United States District Court, Southern District of Florida
Jun 28, 2021
546 F. Supp. 3d 1136 (S.D. Fla. 2021)

Opinion

CASE NO. 17-60029-CR-BLOOM

2021-06-28

UNITED STATES of America, Plaintiff, v. Shanisa Lorasia BELL, Defendant.

Brian Jay Shack, United States Attorney's Office, Miami, FL, for Plaintiff.


Brian Jay Shack, United States Attorney's Office, Miami, FL, for Plaintiff.

ORDER ON MOTION TO DISMISS

BETH BLOOM, UNITED STATES DISTRICT JUDGE

THIS CAUSE is before the Court on the Defendant's Motion to Dismiss for Violation of Speedy Trial, ECF No. [13]. The Court has considered the Motion and all attachments, the Government's Response, the Defendant's Reply and attachments, the record in the case, the applicable law, and is fully advised. In addition, the Court held an evidentiary hearing on April 15, 2021, and has further considered the testimony, evidence, and arguments. See ECF Nos. [19], [20]. Because the Government did not fulfill its constitutional duty to make a diligent and good faith effort to locate and apprehend the Defendant, the Motion is granted.

I. BACKGROUND

On January 27, 2017, a federal grand jury sitting in the Southern District of Florida returned a three-count indictment against the Defendant Shanisa Lorasia Bell. Count One charges the Defendant with using unauthorized access devices, including social security numbers and debit cards, to fraudulently obtain $1,000 or more in a one-year period, in violation of Title 18, United States Code, sections 1029(a)(2) and 2. Counts Two and Three charge the Defendant with aggravated identity theft, in violation of Title 18, United States Code, sections 1028A(a)(1) and 2. ECF No. [1].
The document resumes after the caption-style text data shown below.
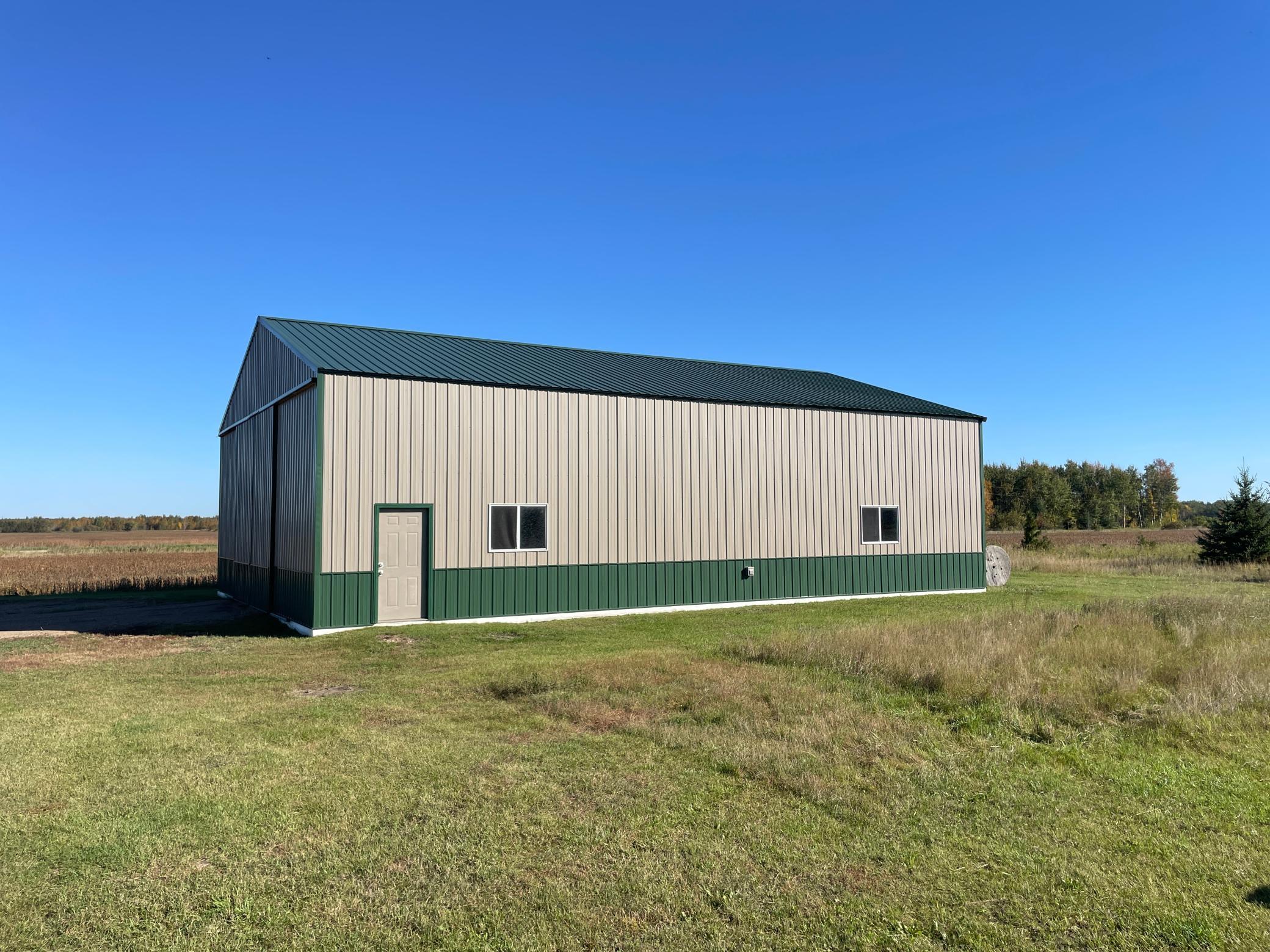 2020 land for sale at 11763 546th Street in Gonvick, MN (photo 23 of 64)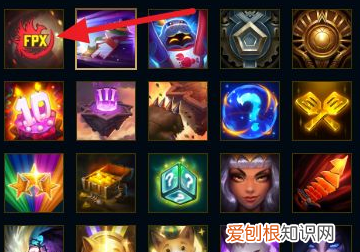 lol怎么设置头像，电话头像怎么设置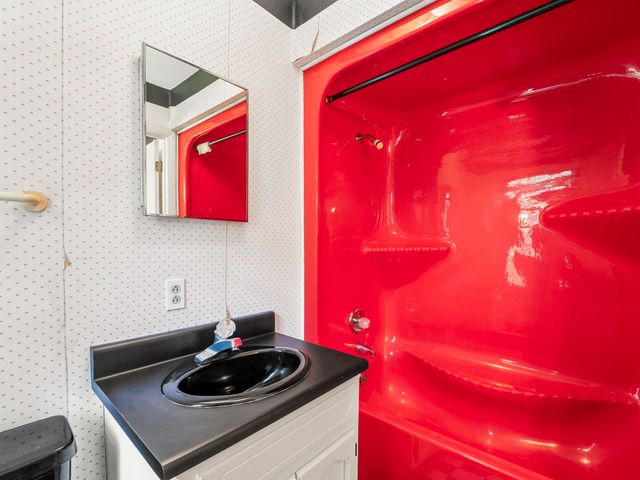 109 Carter Farris Ln, Winchester, TN 37398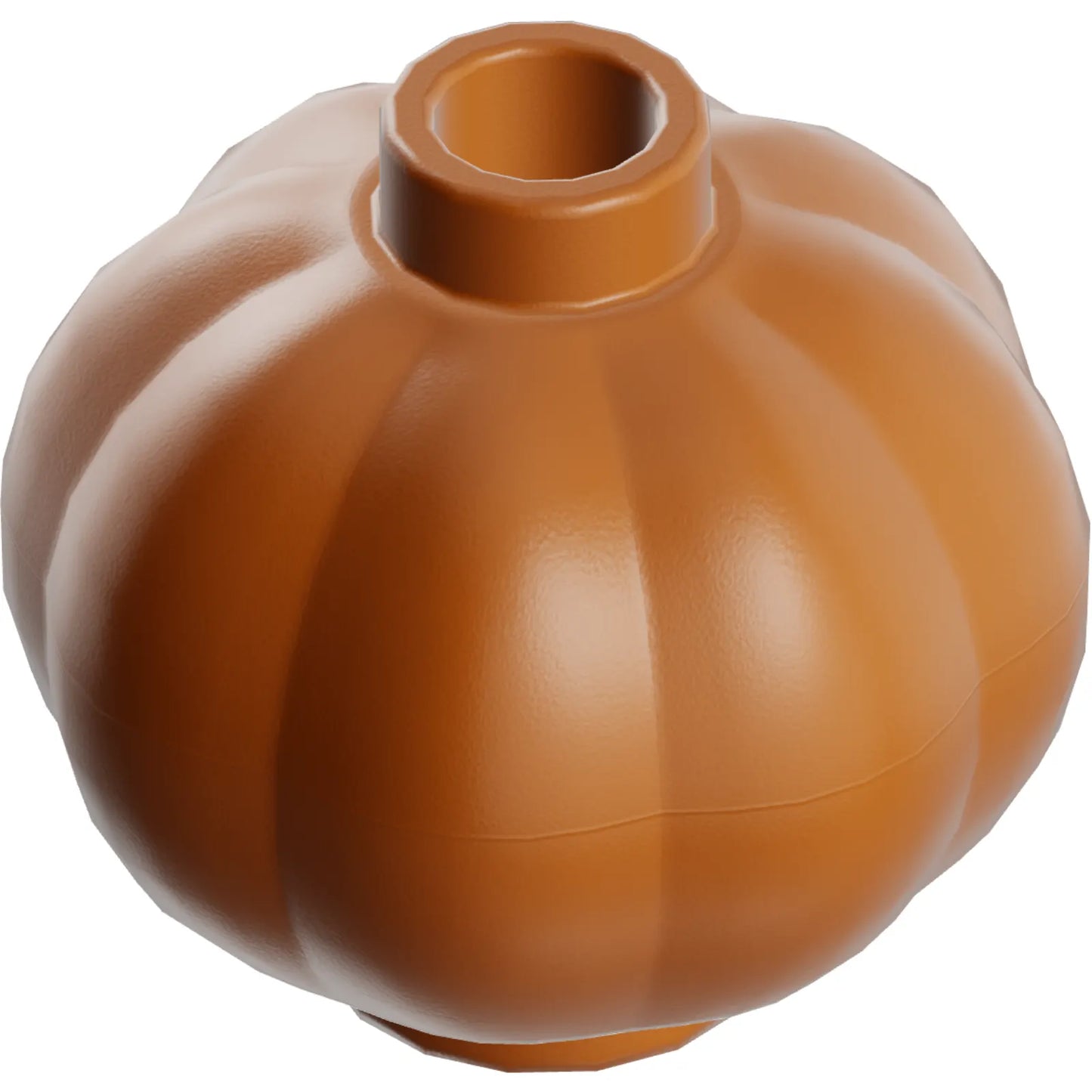 Part 51270 - Pumpkin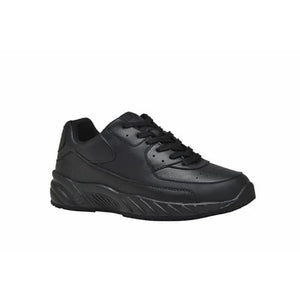 slip resistant shoes big w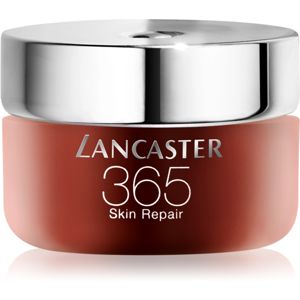 Lancaster 365 Skin Repair lehký protivráskový krém 50 ml
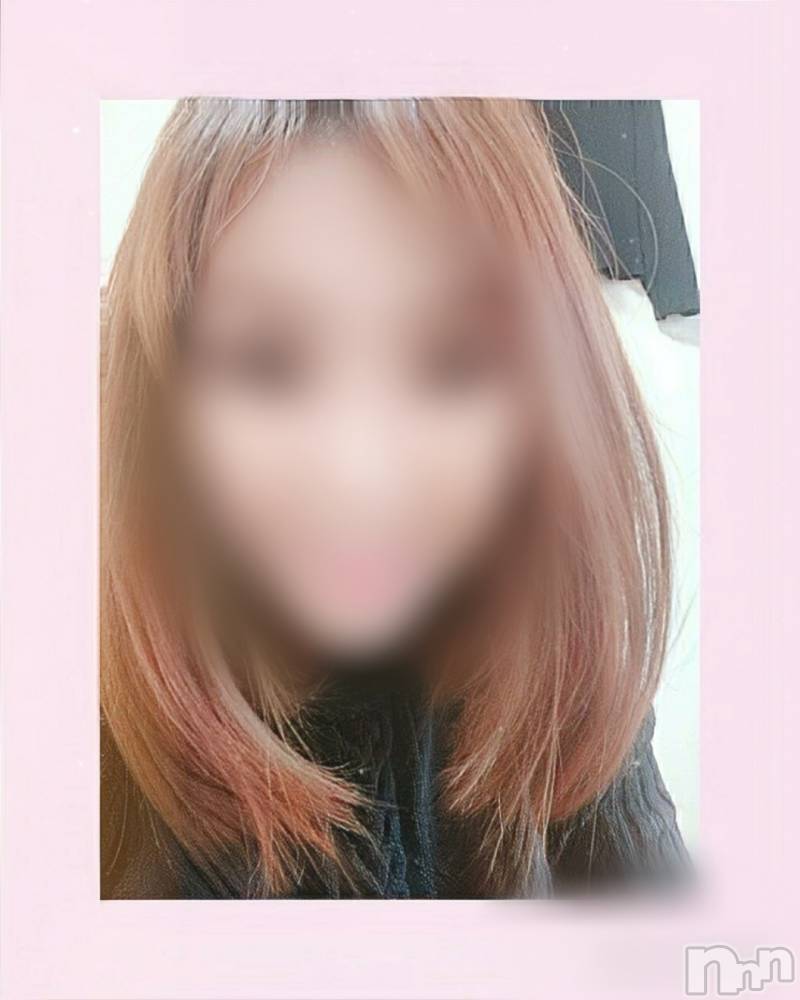 長岡デリヘル人妻楼　長岡店(ヒトヅマロウ　ナガオカテン) れん(36)の2月17日写メブログ「🍀😌🍀」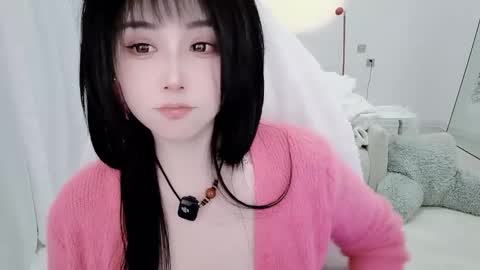 zhen online show from 01/09/26, 05:26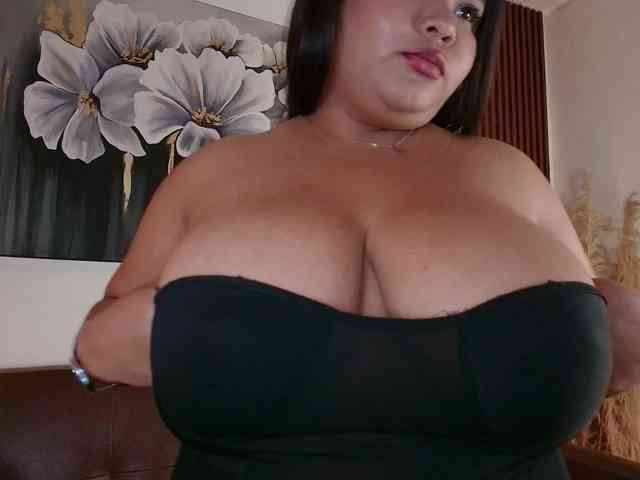 Dulcedeyan webcam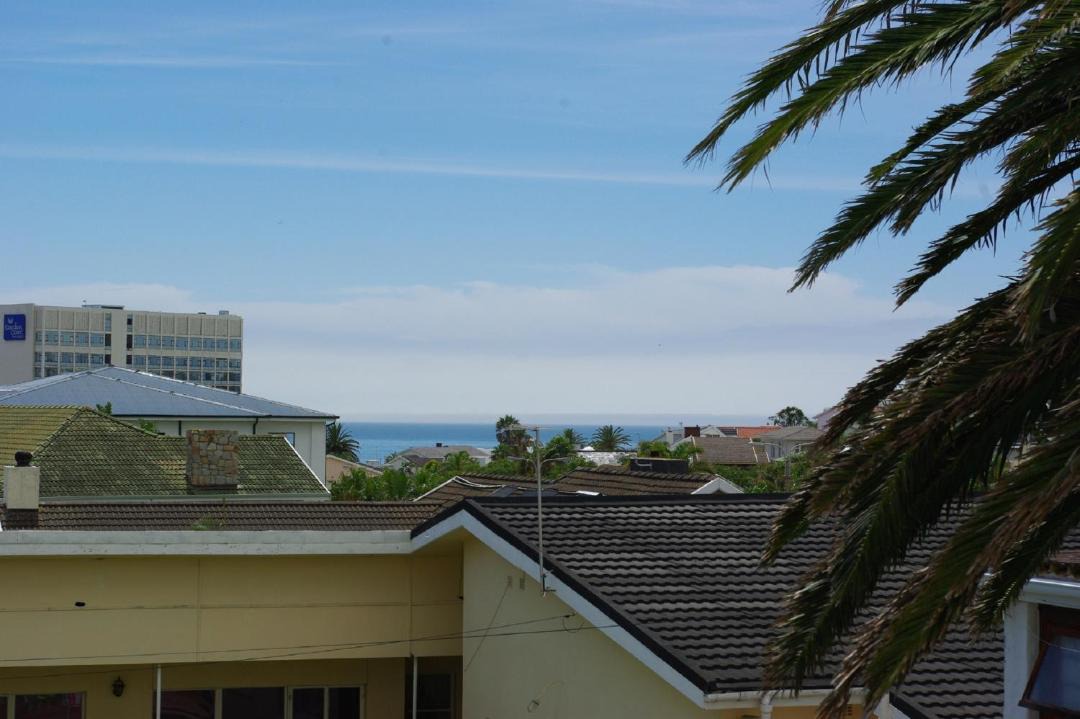 Photo of Others in Humewood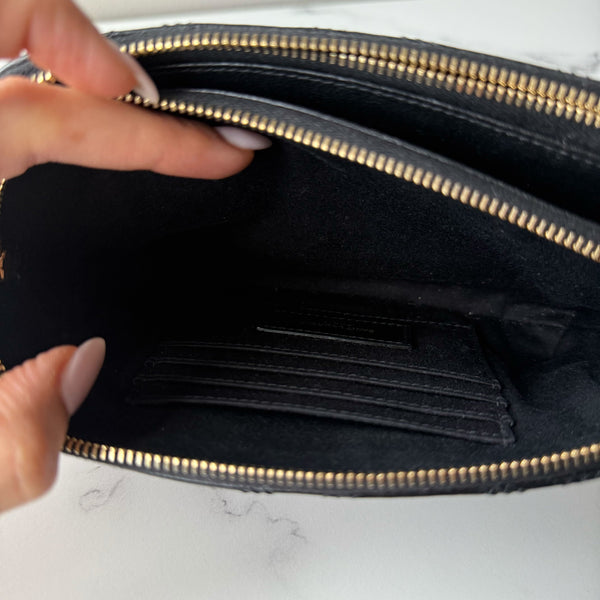 Saint Laurent Mini Becky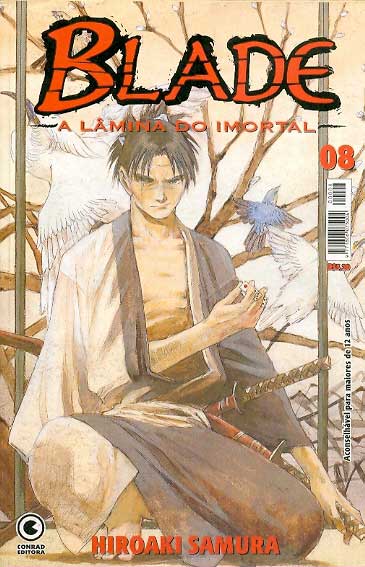 -manga-Blade-08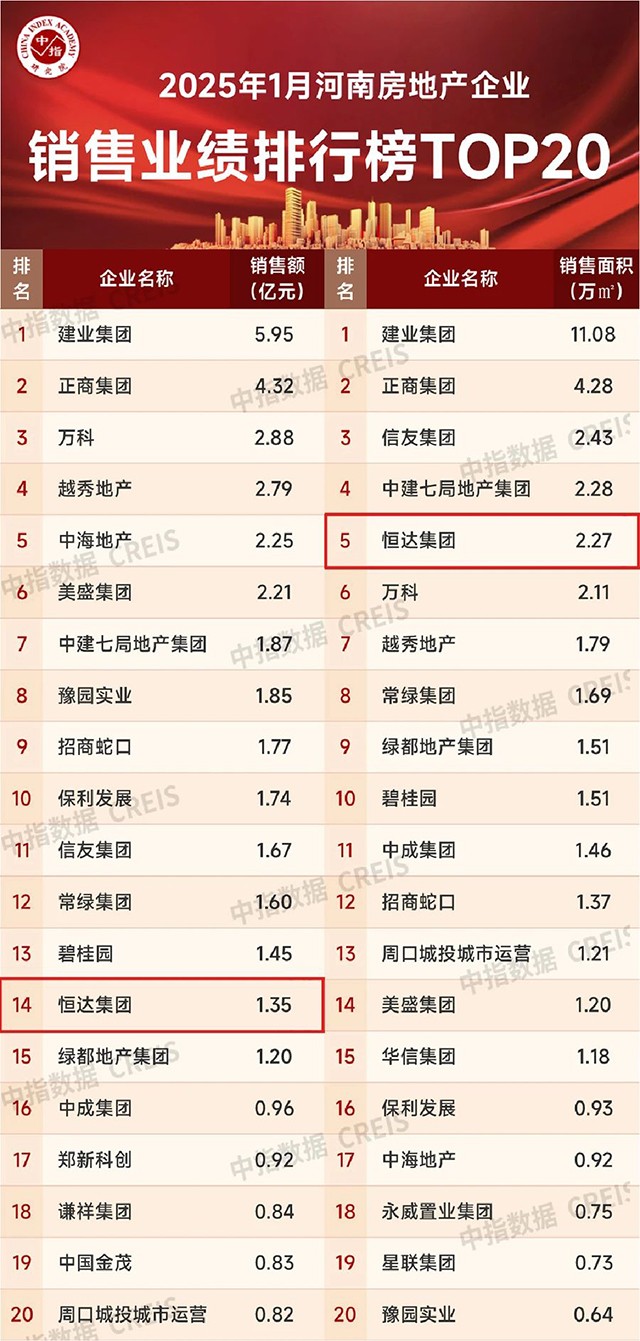 新澳管家婆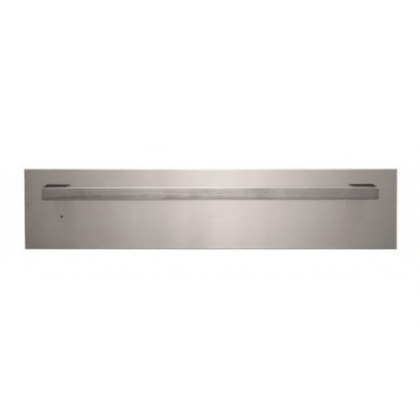 Pokrywa komory do szuflady grzewczej Electrolux / AEG 4055015889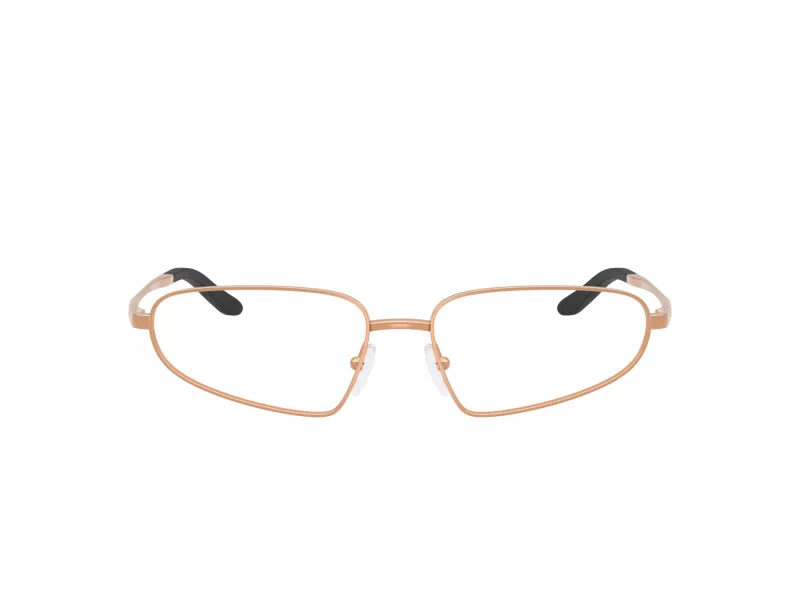 Oakley Neoastra Naočale OX 3116 02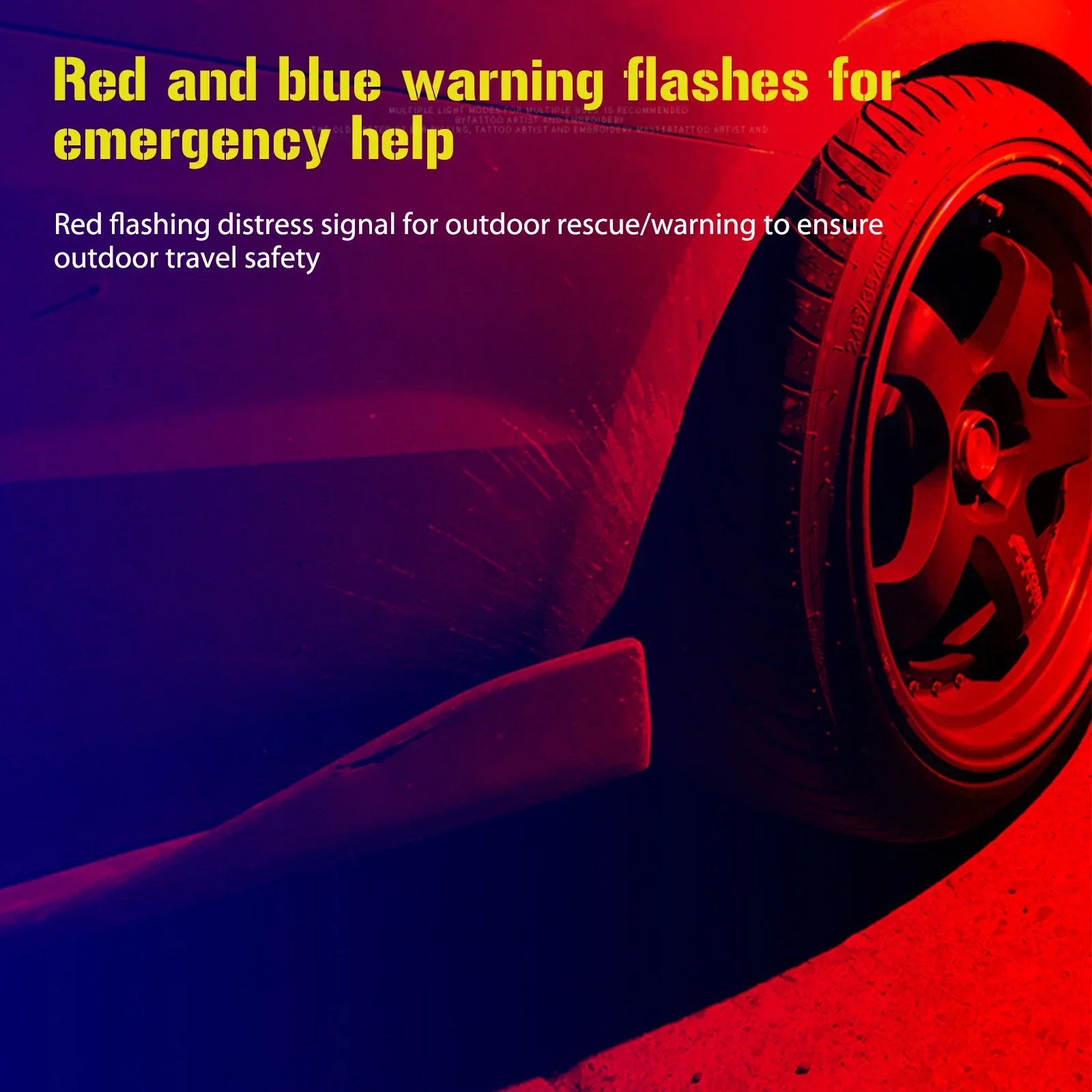 XPE Super Bright Headlamp Rechargeable Multifunction Magnetic Work Light High Range Night Fishing Headlight Keychain Flashlight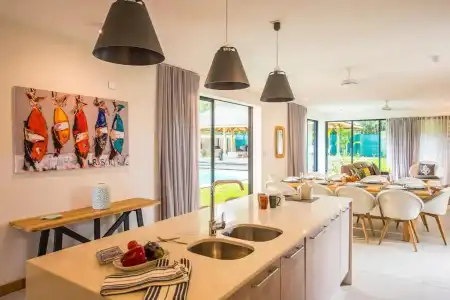 Marguery Villas by MJ Holidays - 279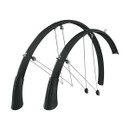 SKS Longboard Mudguard Set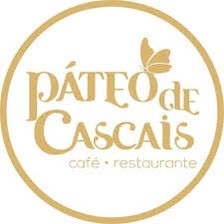 Restaurants Páteo de Cascais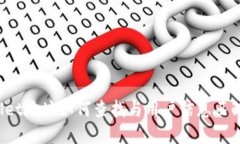  tpWallet地址如何查找与用户信息匹配的方法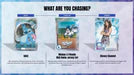 2026 Topps Chrome Disney Mega Box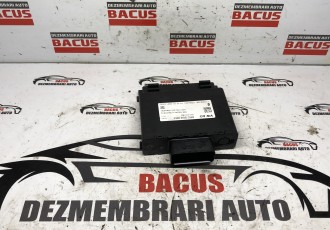 Calculator stabilizator tensiune Audi A4 B8 cod: 8k0959663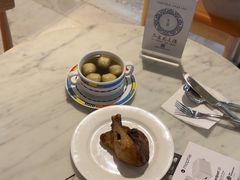 -丽都DELICATESSEN熟食店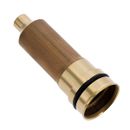 Boquilla-Difusor-Chevrolet-Npr-Reward-BOQUILLA-DIFUSOR-NPR-REWARD---1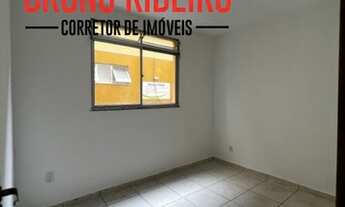 Imagem 4: Apartamento garden 3/4 Condomínio Ville costa dos Coqueiros, Lauro de freitas - BA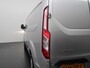 Ford Transit Custom 300 2.0 TDCI L2H1 | Trekhaak | Schuifdeur | Navigatie | Parkeersensor | Zondag Open!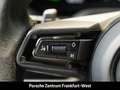 Porsche 992 911 Carrera 4 GTS Liftsystem-VA InnoDrive Schwarz - thumbnail 20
The relevant time period related to the conduct alleged in the Indictment is July 1, 2015, through June 30, 2016. An Arrest Warrant issued on January 27, 2017, see ECF No. [2], and one month after the Arrest Warrant issued, the case was transferred to fugitive status. See ECF No. [3].

On February 10, 2021, the Defendant was arrested in Miami at Eye4Fashion, a clothing business she owns. The Defendant had her initial appearance on February 11, 2021, see ECF No. [6], she was arraigned on February 19, 2021, see ECF No. [12], and Defendant filed the instant Motion on March 12, 2021. The Defendant now moves for dismissal of the Indictment based upon a violation of her Sixth Amendment right to a speedy trial.

II. LEGAL STANDARD

The Sixth Amendment to the United States Constitution guarantees that, "[i]n all criminal prosecutions, the accused shall enjoy the right to a speedy and public trial ...." U.S. Const. amend. VI. The Sixth Amendment right to a speedy trial attaches when the defendant is indicted, arrested, or otherwise officially accused and continues until the date of trial. United States v. Gonzalez , 671 F.2d 441, 444 (11th Cir. 1982). As a result, the Government "has a ‘constitutional duty to make a diligent, good-faith effort’ to locate and apprehend a defendant and bring the defendant to trial." United States v. Bagga , 782 F.2d 1541, 1543 (11th Cir. 1986) (quoting Smith v. Hooey , 393 U.S. 374, 383, 89 S.Ct. 575, 21 L.Ed.2d 607 (1969) ).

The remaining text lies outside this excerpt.